Former Minister of Environment now UN Deputy Secretary-General, Amina Mohammed, has been accused of granting illegal permits to Chinese firms to import endangered Nigerian timber when she was in office. Mohammed served as Nigeria's Minister of Environment from November 2015 to February this year.
According to AFP, investigations by Environmental Investigation Agency (EIA), a Washington-based environmental campaigning organization, suggests that Mohammed provided documents used by Chinese importers to clear more than $300 million worth of rosewood logs (timbers) used in making luxury furniture. The agency alleged that the former Minister on January 16th, shortly before she left office, 'hurriedly' signed some export certificates.
The agency alleged that some officials in the Ministry of Environment were paid over $1 million to help the importers release the rosewood, which was put on a list of endangered species last year by the Convention on International Trade in Endangered Species of Wild Fauna and Flora (CITES).

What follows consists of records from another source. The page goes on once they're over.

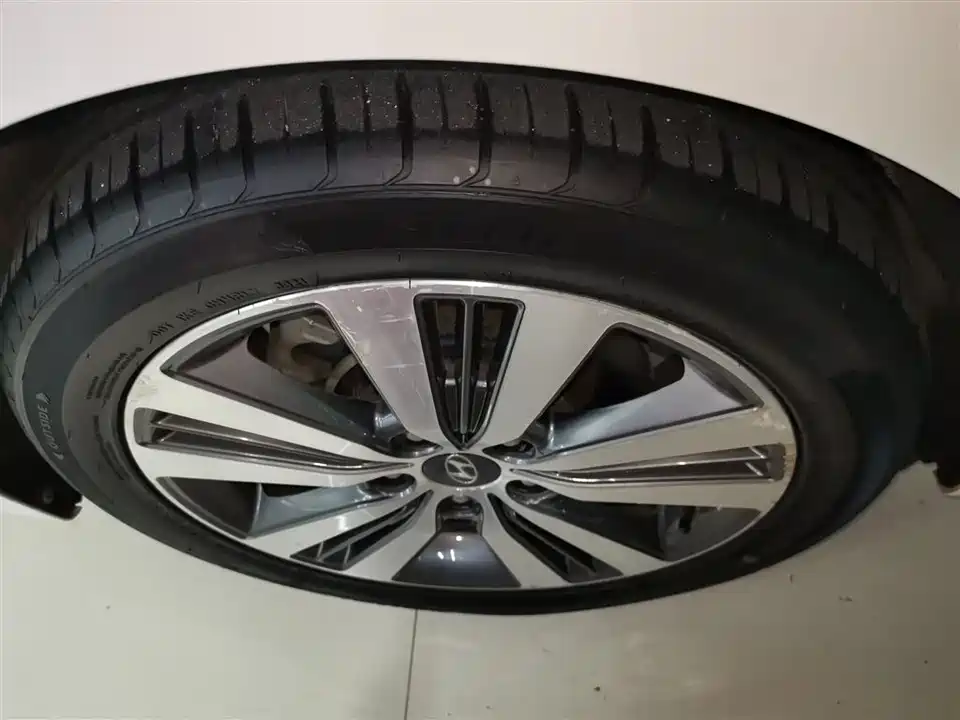 Hyundai Name picture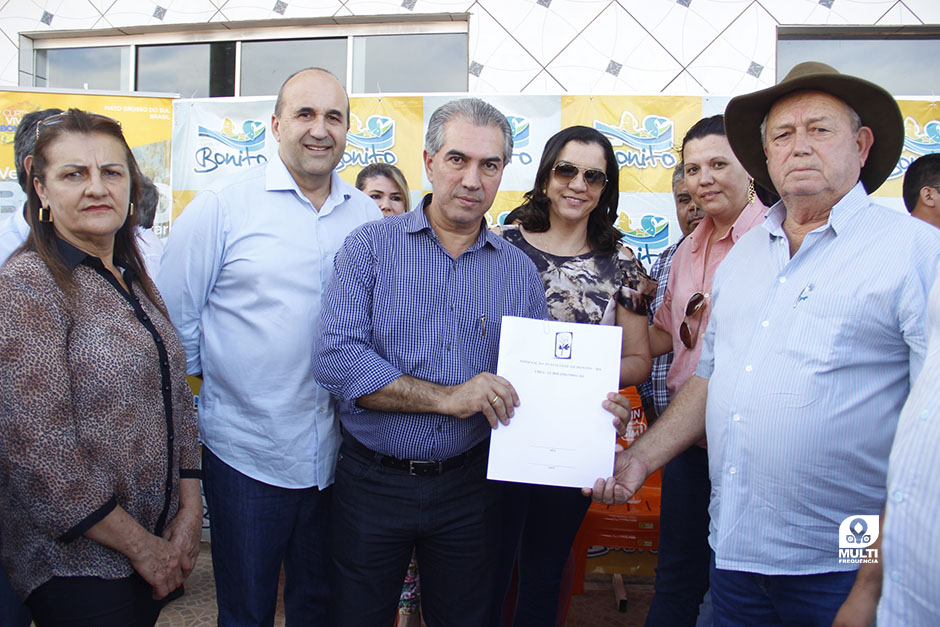 Prefeito Participa do Lançamento das Obras de Pavimentação Asfáltica do Distrito Águas do Miranda.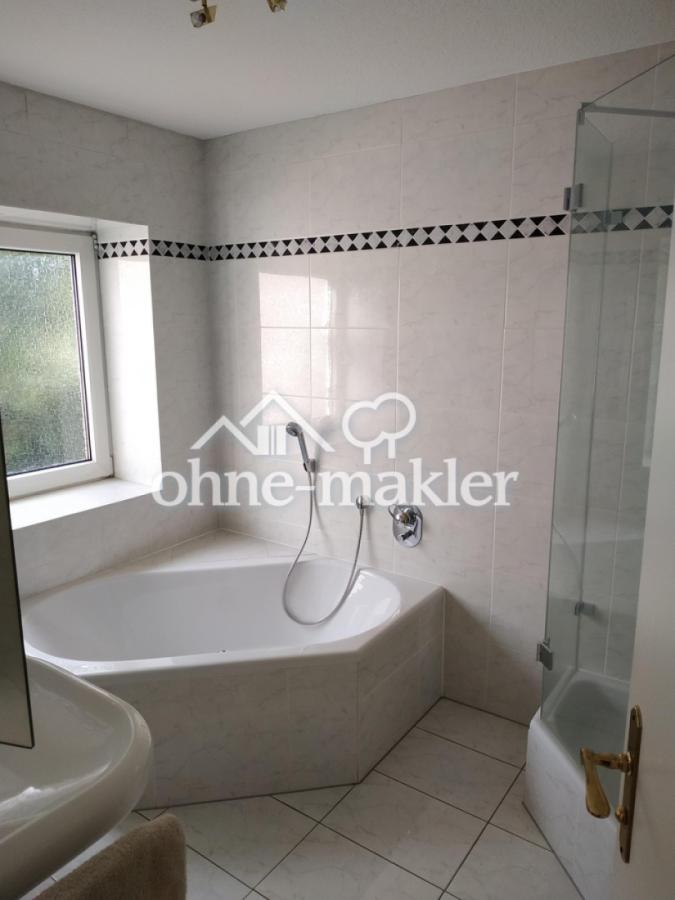 Große Badewanne & Dusche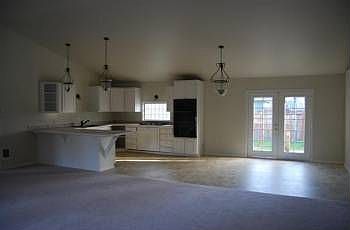 5th image of 527 133rd St E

When contacted, Mohammed through the UN spokesman Farhan Haq categorically rejected the allegations of fraud. According to Haq, the signing of the permits for the rosewood exports was delayed after Mohammed insisted "that stringent due process was followed,".
"She says that she signed the export certificates requested before the ban only after due process was followed and better security watermarked certificates became available," he added.